What limits does this release have when dealing with storage?
Otto Moerbeek: We finished very large parts of large disk support. Large disks are disks that have more than 2TB capacity, the sector count of such disks overflows an 32-bit integer variable. We now use in all layers of disk related code (disklabel, buffer cache, drivers, ffs and ffs2) 64-bit integers to address disk blocks. The disklabel format has also changed to support large disks and partitions (up to 128PB, though the current code limits it at 64PB).

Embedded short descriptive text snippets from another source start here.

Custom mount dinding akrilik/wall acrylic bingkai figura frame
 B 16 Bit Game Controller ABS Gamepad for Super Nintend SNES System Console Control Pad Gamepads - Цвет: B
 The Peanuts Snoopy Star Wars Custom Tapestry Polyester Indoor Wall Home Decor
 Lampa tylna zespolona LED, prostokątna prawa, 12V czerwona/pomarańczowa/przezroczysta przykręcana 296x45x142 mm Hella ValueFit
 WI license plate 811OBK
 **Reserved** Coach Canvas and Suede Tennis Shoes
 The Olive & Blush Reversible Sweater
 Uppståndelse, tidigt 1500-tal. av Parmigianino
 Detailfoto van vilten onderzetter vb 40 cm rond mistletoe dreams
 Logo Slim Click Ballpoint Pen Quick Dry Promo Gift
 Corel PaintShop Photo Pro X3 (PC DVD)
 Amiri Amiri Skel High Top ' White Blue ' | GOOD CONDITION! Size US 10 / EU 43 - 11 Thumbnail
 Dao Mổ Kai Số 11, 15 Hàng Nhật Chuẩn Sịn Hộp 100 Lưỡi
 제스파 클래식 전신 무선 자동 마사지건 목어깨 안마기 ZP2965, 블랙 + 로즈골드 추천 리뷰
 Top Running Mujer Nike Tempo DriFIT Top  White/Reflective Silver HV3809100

The actual largest file you can create did not change, with the default block size the maximum file size FFS can store is 1PB. But the kernel limits file sizes to a maximum of 2^31 pages, so it ends up at being 8TB on most platforms. You’ll probably need to create a sparse file to actually create one like that
The original version of FFS supports up to 1TB filesystems, due to it’s larger inode FFS2 can support up to the largest partition we can handle. There are important issues though: a filesystem check of a large filesystem takes a lot of memory. That is, is may need more memory than a user process can allocate. To be able to actually use a large filesystem you’ll need to newfs(8) it with larger fragment and block sizes than the defaults normally used. Solving this is high on the wanted features list, of course. Also, using FFS2 for any filesystem used in the install or upgrade process is not supported.
As for other filesystems we support, I do not know the limits of either the format itself or our implementation.
Federico Biancuzzi manages the BSD section of the Italian magazine Linux&C. As a freelancer, he writes for ONLamp, LinuxDevCenter, and SecurityFocus.